White Plains High School’s faculty and administrators have devised a groundbreaking program that simultaneously looks to address the nationwide teacher shortage and provide students with a potential path for a career in education.

Last week, school officials announced that a $40,000 state grant this year has helped launch the district’s Educator Pathway Pilot Program. Currently, 29 high school students are enrolled, providing them with specific courses to begin preparing them for a teaching career and to earn college credits.

“We know there is a teacher shortage. We also know it’s really important to have career pathways,” said Kara Lyons, the White Plains Teachers Association president, who along with Assistant Principal Sara Hall was instrumental in introducing the program.

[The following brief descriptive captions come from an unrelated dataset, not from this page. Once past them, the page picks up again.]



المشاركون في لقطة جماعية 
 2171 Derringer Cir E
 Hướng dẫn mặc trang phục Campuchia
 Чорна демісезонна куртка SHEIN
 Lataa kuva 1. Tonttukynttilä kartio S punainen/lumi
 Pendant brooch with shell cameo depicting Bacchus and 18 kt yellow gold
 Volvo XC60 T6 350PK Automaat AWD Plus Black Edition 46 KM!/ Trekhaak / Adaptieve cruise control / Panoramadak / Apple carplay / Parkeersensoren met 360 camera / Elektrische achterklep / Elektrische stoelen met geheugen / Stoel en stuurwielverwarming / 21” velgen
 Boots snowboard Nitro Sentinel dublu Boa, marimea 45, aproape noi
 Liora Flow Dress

“So this program is incredible in that students can graduate and become teaching assistants, go to Westchester Community College for free, and then they can go to Pace for reduced tuition, or they can go to the school of their choice and carry those elective credits, or they can transfer them to SUNY because they have reciprocity,” Lyons added.

Hall said that the program is intended to be a three- or four-year series of elective courses starting in freshman or sophomore year, which includes a foundation of education class, diversity within education, psychology, a class on special education and other offerings that lay the groundwork for a career as an educator. The program will also eventually have the participants work with students in a class at one of the district’s elementary schools.

When the participants near high school graduation and have completed the full series, they can take the state exam for teaching assistants and be qualified to work, Hall said.

“We want to capture them young so that way they can do the entire pathway and can work as soon as they graduate as a teaching assistant,” she said.

Lyons said that one of the most exciting aspects of devising the program was collaborating with legislators for the funding as well as creating partnerships with the colleges, which makes the program even more attractive for students.

It has been estimated that nationwide there is a shortfall of about 180,000 teachers.

State Sen. Shelley Mayer (D-Yonkers), chair of the Senate’s Education Committee, said policymakers have been looking at how to entice more youngsters to consider a career in education. When she heard what White Plains has proposed, Mayer and Assemblyman Chris Burdick (D-Bedford) fought for the grant.

“It’s so thrilling to think that you’re learning and considering the possibility of teaching,” Mayer told a group of students enrolled in the pilot program in an announcement last Thursday at the school.

Burdick said how the program could become a model for other districts throughout New York.

“You’re in the forefront of this, and you know what, I have such tremendous confidence in all of you that you’re going to show that this is what must be done statewide,” Burdick said.

As a student who has had a wide range of experiences, senior Nuala Stanghellini said she was excited to try the program. She is considering a teaching career in special education or math.

“As a student with an IEP and in advances classes, I see so many different dimensions of the educational system,” Stanghellini said. “I see all the opportunities for support that we have, special education classes, individual services and things like that, and I also see some of the struggles we have in education in trying to grow.”

Superintendent of Schools Dr. Joseph Ricca said there may be no career that is more rewarding than teaching. He said that the most successful people in the world started with a teacher that helped shape them.

“I started teaching history during the day and I never looked back. Never once. That was the year 2000,” said Ricca who thought he was going to be a lawyer. “From that moment to today, I am so proud of the choice to remain in education, because I know what goes into becoming a dedicated teacher.”